It may be transmitted from the PU 62 or the like.

The capacitor 218 is connected in parallel with the lithium ion battery 250. The capacitor 218 performs a function of smoothing a voltage supplied to a load of the digital camera 10.

The terminal 228 connects an external power supply to the digital camera 10 via the DC terminal 230. Terminal 228
Are also connected to the terminal 220. That is, when the AC adapter 270 is connected to the DC terminal 230, the power supplied from the external power supply is supplied to the power supply system 200 via the terminal 220. The terminal 220 is connected to the lithium ion battery 2 of the load of the digital camera 10.
It is also connected to loads that require voltages higher than 50. When power is supplied to these loads from the lithium ion battery 250, power is supplied through the terminal 220.

The control section 300 receives information from a plurality of input terminals connected to each section of the circuit of the power supply system 200. The voltage supplied to the load of the digital camera 10 via the terminal 220 is input to the “FB_UP” terminal.
The voltage supplied to the load of the digital camera 10 via the terminal 224 is input to the “FB_DOWN” terminal.
The “Li_GND” terminal has a lithium ion battery 250
Is input. A reference voltage for constant current control is input to the “ADP_GND” terminal.

The control section 300 controls the switch elements based on the input information. Control unit 300 transmits an on / off control signal from an output terminal to a switch element of power supply system 200. The “SYNC / CHARGE” terminal outputs a signal for controlling the FET 202.
The “SYNC / SW” terminal outputs a signal for controlling the FET 204. "Li_SW" terminal is FET2
06 is output. "ADPSW_
The “SHORT” terminal outputs a signal for controlling the FET 208.

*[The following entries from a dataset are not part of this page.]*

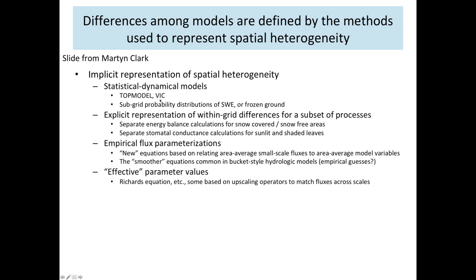When upscaling to the level of hydrology, spatial heterogeneity is one of the largest differences in model choices. Some models like TOPMODEL and VIC have subgrid probability distributions of snow water equivalent or frozen ground. Some models do separate energy balance calculations for snow-covered and snow-free areas; similarly some do separate conductance calculations for sunlit and shaded leaves. Some models try to come up with new flux parameterizations that work better at different spatial scales — and this is a challenge because we can measure something at a point but what we observed with turbulence is that the sonic anemometer measurement represents something much larger.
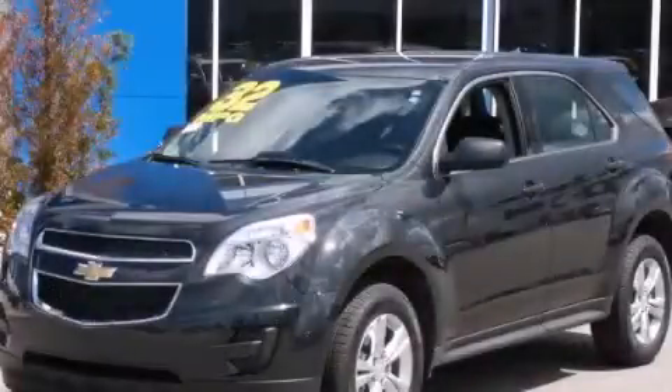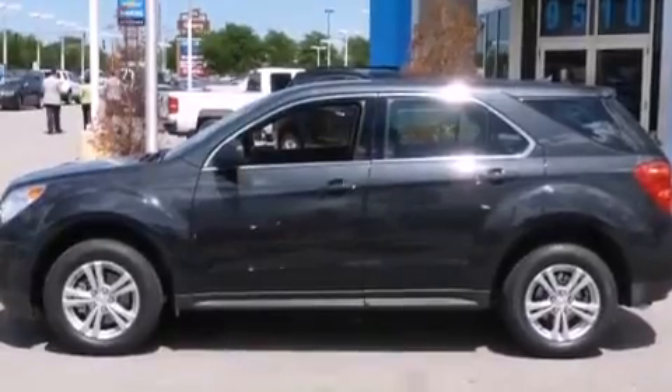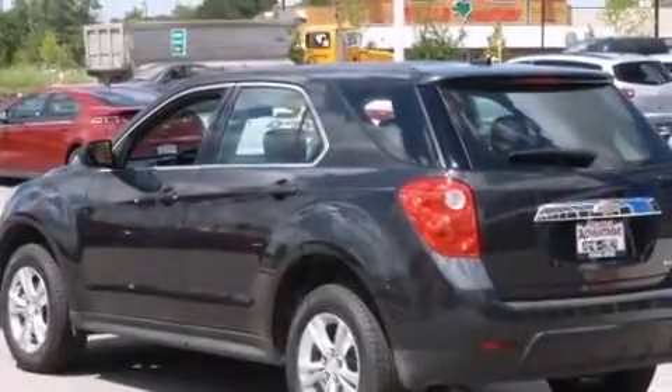This is a brand new 2014 Chevrolet Equinox, a car-like ride in space like an SUV. It has a 2.4-liter four-cylinder engine and an automatic transmission.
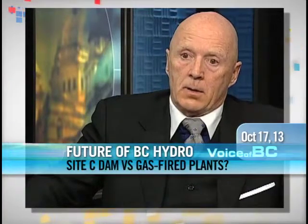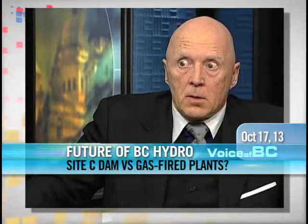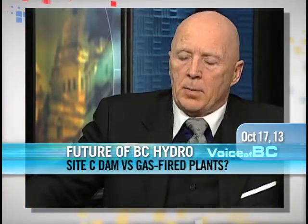A gas turbine, a combined cycle efficient gas turbine like Shepard, can be built in three or four years and keep pace with your load growth.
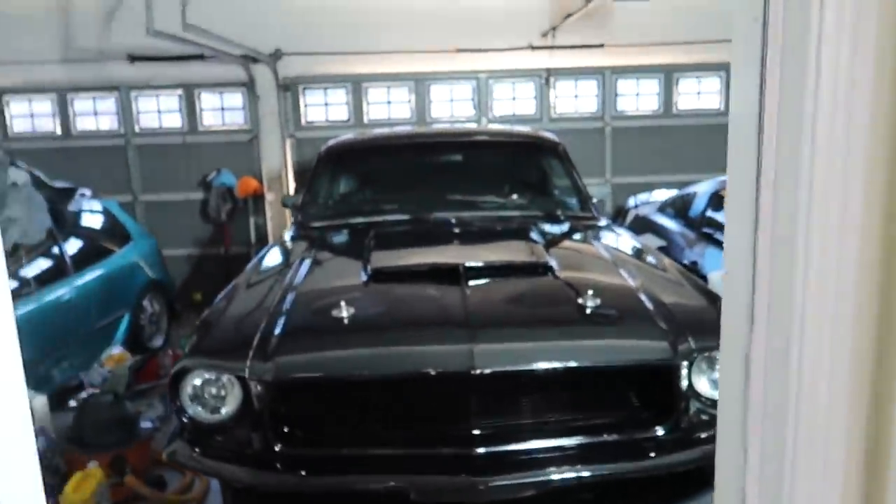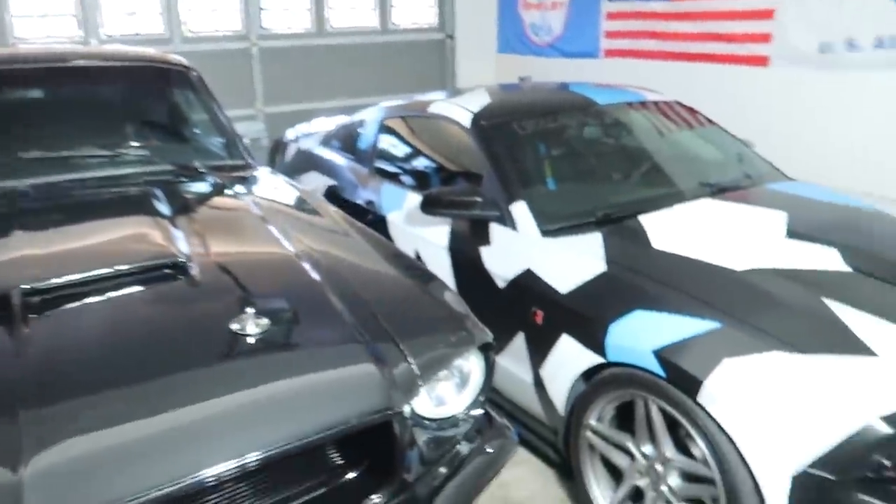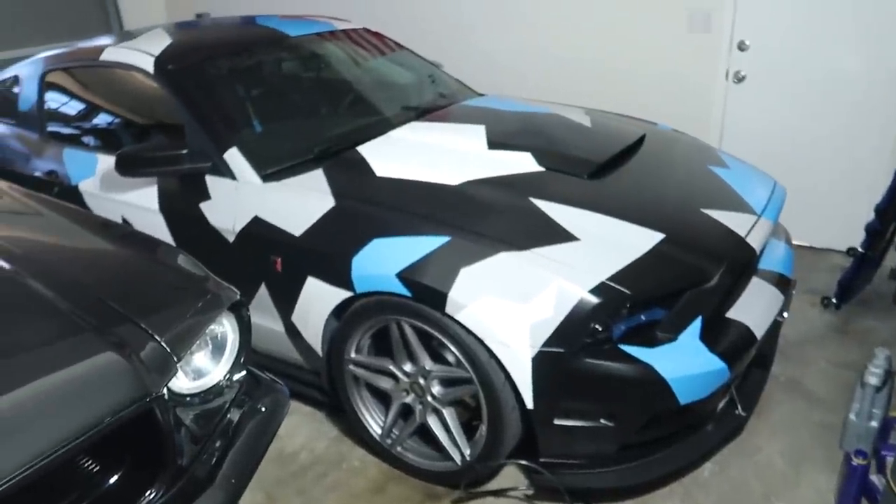How's it going guys? Drew Peacock here back with another video. Today we're going to answer the age-old question for car guys, specifically muscle car guys: is it better to buy a V8 or to buy a V6 and supercharge it? Today I'm going to answer just that, so let me go get the keys and let's go out for a spin.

The control unit 300 may be realized as hardware by a circuit, or some functions of the control unit 300 may be realized as software. For example, analysis of an input signal and determination of an output signal may be performed by a program loaded into the main CPU 62.

As an operation mode of the power supply system 200,
There are four main types: First, the first operation mode is an internal power supply mode. In the internal power supply mode, the power of the lithium ion battery 250 is supplied to the load of the digital camera 10 via the terminal 224. The internal power supply mode is used when the power switch 112 of the digital camera 10 is turned on when the AC adapter 270 is not connected to the DC terminal 230. In the internal power supply mode, the FETs 202, 204, and 2
08 is kept off by the control unit 300. F
ET 206 is kept on by control unit 300. The configuration of the power supply system 200 at this time is shown in FIG. The operation in the internal power supply mode will be described in detail in the description of FIG.

The internal power supply boosting supply mode may be realized together with the internal power supply mode according to the configuration and specifications of the power supply system 200 and the equipment. May be done. Depending on the configuration and specifications of the power supply system 200 and the equipment, a plurality of modes may be appropriately used in combination.
The same applies to other modes.

The second operation mode is an external power supply mode. In the external power supply mode, the power of the external power
It is supplied to the load of the digital camera 10 via the terminal 224. In the external power supply mode, the AC adapter 270
It is connected to the C terminal 230 and is used when the power switch 112 of the digital camera 10 is on. In the external power supply mode, the control unit 300 keeps the FET 206 off. FET 208
It is kept on by the control unit 300. FET20
2 and 204 are switched by the control unit 300. The configuration of the power supply system 200 at this time is shown in FIG.
Is shown in an easy-to-understand manner. The operation in the external power supply mode will be described in detail in the description of FIG.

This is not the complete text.